_Activity_. Print out the data that follows exactly, character for character, apart from the pictures.

_Material provided_.
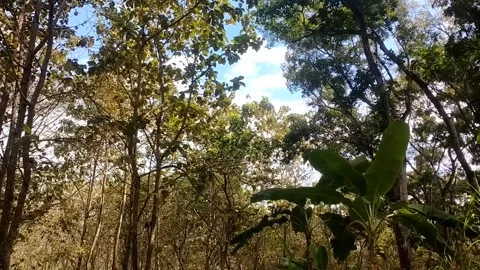 Sunlight Piercing Through the Forest Stock Footage 338374401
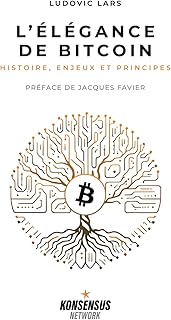 L’Élégance de Bitcoin: Histoire, enjeux et principes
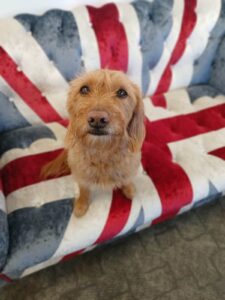 Cinna, a mini Labradoodle, sitting on a cozy UK-themed sofa while waiting for her transport to the U.S.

_Exercise output_.
 Sunlight Piercing Through the Forest Stock Footage 338374401
 L’Élégance de Bitcoin: Histoire, enjeux et principes
 Cinna, a mini Labradoodle, sitting on a cozy UK-themed sofa while waiting for her transport to the U.S.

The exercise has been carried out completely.